TASK GOAL> Please give again every entry exactly as it appears, setting aside the pictures.

[ENTRIES PROVIDED — start]

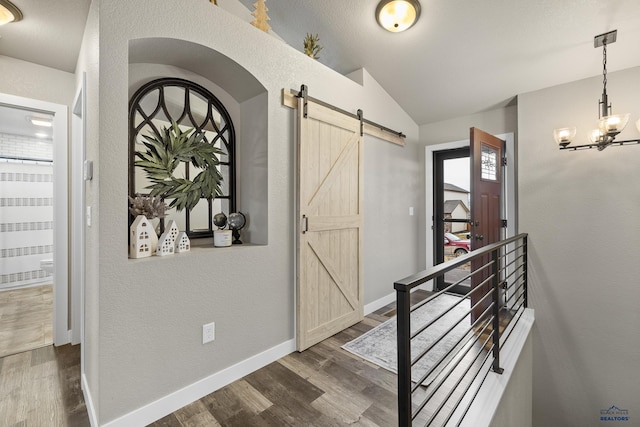 foyer entrance featuring an inviting chandelier, lofted ceiling, a barn door, and dark hardwood / wood-style floors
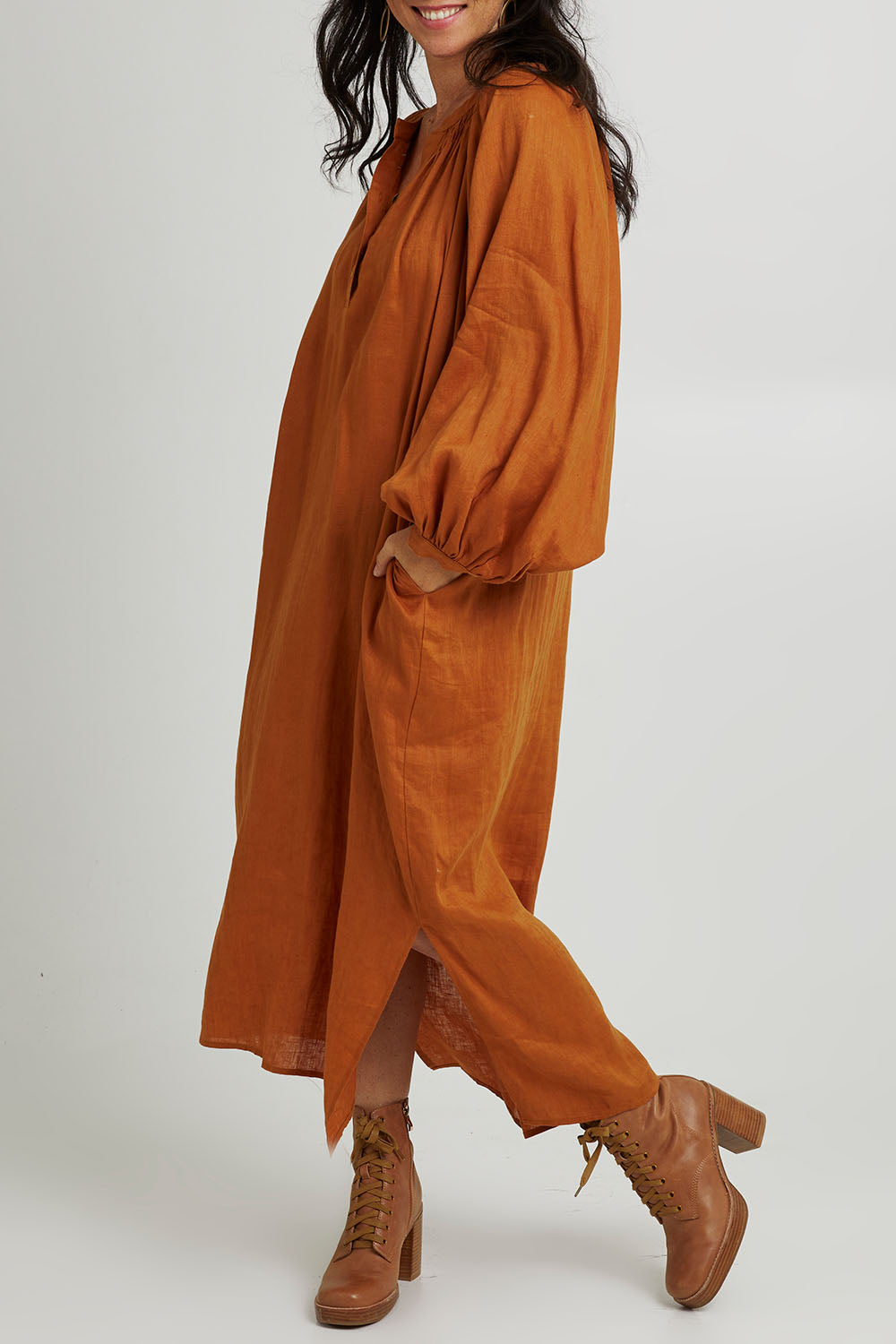 Model Katie wearing size S of the Nama Dress in colour Ochre, from the front, cropped image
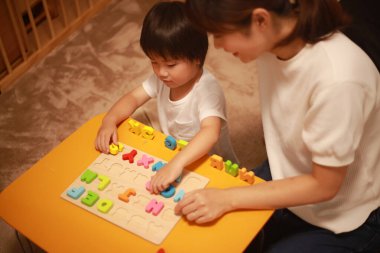 Anne ve oğlu evde oyuncak bloklarıyla oynuyorlar.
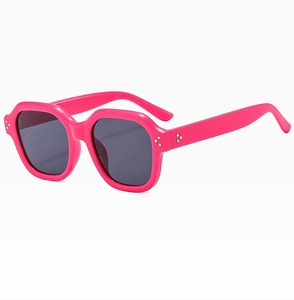Close-up of rose red oversized sunglasses featuring three metal rivets on hexagonal frame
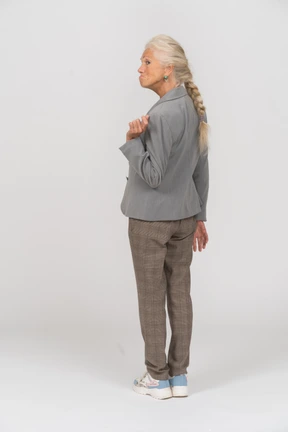Rear view of an old lady in suit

[ENTRIES PROVIDED — finish]

EXERCISE ANSWER>
 foyer entrance featuring an inviting chandelier, lofted ceiling, a barn door, and dark hardwood / wood-style floors
 Model Katie wearing size S of the Nama Dress in colour Ochre, from the front, cropped image
 Anne ve oğlu evde oyuncak bloklarıyla oynuyorlar.
Close-up of rose red oversized sunglasses featuring three metal rivets on hexagonal frame
Rear view of an old lady in suit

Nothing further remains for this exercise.